* _SOURCE INFORMATION_

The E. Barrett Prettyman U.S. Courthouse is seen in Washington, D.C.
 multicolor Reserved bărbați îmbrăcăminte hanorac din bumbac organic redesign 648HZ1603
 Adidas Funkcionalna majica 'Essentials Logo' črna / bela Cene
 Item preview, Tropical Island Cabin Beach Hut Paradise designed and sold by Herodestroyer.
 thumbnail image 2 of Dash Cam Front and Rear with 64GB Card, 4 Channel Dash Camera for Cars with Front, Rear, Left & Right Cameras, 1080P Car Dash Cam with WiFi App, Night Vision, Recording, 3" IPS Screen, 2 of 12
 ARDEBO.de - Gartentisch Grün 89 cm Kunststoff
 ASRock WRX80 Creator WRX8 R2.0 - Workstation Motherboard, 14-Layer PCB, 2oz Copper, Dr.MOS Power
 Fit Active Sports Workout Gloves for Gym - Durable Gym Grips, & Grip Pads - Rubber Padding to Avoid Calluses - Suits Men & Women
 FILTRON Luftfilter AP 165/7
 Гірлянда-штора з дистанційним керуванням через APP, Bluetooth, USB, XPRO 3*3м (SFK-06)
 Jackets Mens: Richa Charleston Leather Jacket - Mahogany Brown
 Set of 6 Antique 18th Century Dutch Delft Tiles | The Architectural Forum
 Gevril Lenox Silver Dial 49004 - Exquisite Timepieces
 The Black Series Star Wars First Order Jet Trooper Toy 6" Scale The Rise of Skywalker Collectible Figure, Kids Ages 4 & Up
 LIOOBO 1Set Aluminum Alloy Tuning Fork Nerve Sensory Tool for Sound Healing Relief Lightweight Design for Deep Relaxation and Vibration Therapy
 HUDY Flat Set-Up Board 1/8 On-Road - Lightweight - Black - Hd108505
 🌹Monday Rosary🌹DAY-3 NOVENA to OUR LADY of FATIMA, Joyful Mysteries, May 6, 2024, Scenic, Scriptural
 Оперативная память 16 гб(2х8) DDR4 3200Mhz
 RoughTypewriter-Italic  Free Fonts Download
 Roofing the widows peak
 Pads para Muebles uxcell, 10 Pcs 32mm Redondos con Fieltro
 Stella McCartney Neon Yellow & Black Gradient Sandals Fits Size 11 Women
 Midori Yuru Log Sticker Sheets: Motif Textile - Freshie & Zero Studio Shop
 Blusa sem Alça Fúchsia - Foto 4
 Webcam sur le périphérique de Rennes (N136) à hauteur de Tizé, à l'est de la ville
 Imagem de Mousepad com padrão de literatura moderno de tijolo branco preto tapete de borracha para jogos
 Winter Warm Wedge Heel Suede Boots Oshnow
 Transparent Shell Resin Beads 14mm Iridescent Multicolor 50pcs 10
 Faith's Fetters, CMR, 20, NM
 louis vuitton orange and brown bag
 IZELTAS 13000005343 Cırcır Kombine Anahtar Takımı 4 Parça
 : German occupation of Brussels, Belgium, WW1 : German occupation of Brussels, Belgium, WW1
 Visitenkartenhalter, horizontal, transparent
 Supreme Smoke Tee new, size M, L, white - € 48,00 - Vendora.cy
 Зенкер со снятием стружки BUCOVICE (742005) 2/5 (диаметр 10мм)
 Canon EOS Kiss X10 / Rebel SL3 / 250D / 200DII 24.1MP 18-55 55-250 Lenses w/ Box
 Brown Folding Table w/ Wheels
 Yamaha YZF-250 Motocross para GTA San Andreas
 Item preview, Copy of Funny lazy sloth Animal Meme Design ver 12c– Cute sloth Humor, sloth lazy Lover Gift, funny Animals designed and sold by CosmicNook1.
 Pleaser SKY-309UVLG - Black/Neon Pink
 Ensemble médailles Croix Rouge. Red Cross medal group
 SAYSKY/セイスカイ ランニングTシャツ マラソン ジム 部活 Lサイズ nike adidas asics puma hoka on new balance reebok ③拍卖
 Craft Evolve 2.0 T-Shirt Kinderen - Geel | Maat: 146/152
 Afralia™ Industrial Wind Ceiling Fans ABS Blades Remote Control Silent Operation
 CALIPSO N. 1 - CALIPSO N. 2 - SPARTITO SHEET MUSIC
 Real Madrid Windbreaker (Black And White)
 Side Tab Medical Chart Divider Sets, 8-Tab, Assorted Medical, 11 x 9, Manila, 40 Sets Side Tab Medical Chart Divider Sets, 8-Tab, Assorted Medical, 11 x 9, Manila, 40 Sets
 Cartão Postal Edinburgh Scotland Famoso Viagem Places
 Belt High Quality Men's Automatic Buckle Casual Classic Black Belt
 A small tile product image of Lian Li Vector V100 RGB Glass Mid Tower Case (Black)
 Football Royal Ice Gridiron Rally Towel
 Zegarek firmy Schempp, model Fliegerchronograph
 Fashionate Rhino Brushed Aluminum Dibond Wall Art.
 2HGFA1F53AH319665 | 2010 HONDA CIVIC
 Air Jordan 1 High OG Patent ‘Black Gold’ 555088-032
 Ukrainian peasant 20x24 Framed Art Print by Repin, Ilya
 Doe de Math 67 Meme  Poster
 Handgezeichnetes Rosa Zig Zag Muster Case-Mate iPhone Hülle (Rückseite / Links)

* _HOW TO COMPLETE THIS TASK_
With the line that has "thumbnail image 2" as the first and the line that has "Gevril Lenox Silver" as the last, repeat exactly that run of lines above and no more.

* _EXERCISE RESPONSE_
 thumbnail image 2 of Dash Cam Front and Rear with 64GB Card, 4 Channel Dash Camera for Cars with Front, Rear, Left & Right Cameras, 1080P Car Dash Cam with WiFi App, Night Vision, Recording, 3" IPS Screen, 2 of 12
 ARDEBO.de - Gartentisch Grün 89 cm Kunststoff
 ASRock WRX80 Creator WRX8 R2.0 - Workstation Motherboard, 14-Layer PCB, 2oz Copper, Dr.MOS Power
 Fit Active Sports Workout Gloves for Gym - Durable Gym Grips, & Grip Pads - Rubber Padding to Avoid Calluses - Suits Men & Women
 FILTRON Luftfilter AP 165/7
 Гірлянда-штора з дистанційним керуванням через APP, Bluetooth, USB, XPRO 3*3м (SFK-06)
 Jackets Mens: Richa Charleston Leather Jacket - Mahogany Brown
 Set of 6 Antique 18th Century Dutch Delft Tiles | The Architectural Forum
 Gevril Lenox Silver Dial 49004 - Exquisite Timepieces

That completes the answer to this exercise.